▸ YOUR TASK
The required output is the lines below from the line containing "Sell Nissan Qashqai" to the line containing "Super 8 by Wyndham Harrisonburg", inclusive, retyped exactly. No other lines belong in it.

____ LISTED ENTRIES

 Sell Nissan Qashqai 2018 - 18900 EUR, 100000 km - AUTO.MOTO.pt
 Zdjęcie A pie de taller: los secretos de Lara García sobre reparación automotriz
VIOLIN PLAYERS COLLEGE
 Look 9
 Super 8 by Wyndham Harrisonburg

________
____ LISTED ENTRIES

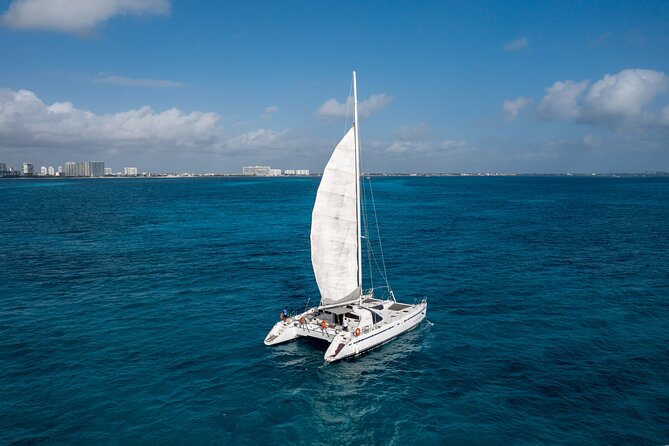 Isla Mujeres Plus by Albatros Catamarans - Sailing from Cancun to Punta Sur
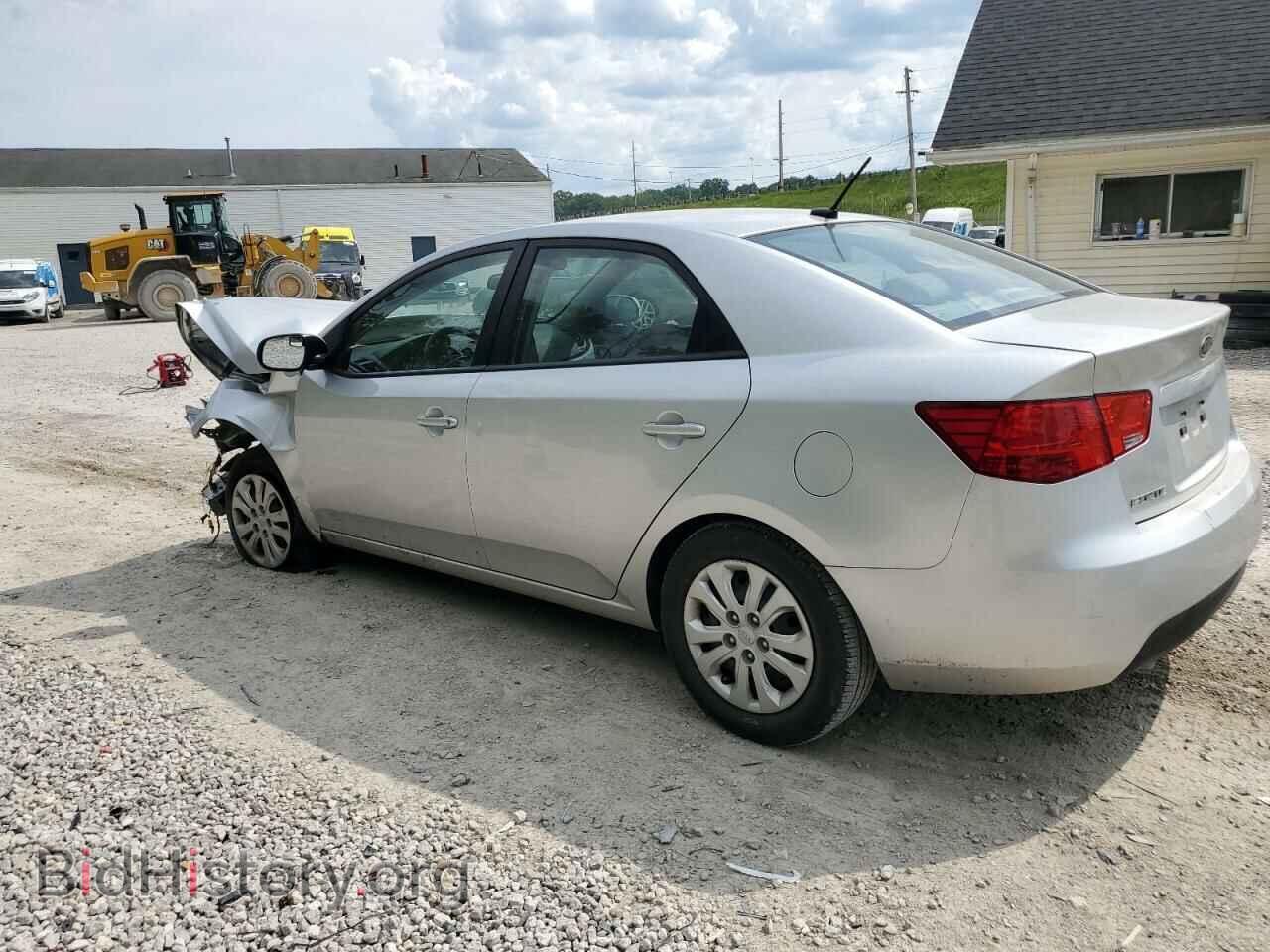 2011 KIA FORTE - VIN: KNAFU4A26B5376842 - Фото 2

________
____ LISTED ENTRIES

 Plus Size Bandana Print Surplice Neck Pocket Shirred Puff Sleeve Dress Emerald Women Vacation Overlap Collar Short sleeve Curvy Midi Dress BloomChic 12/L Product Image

________

▸ WRITTEN ANSWER
 Sell Nissan Qashqai 2018 - 18900 EUR, 100000 km - AUTO.MOTO.pt
 Zdjęcie A pie de taller: los secretos de Lara García sobre reparación automotriz
VIOLIN PLAYERS COLLEGE
 Look 9
 Super 8 by Wyndham Harrisonburg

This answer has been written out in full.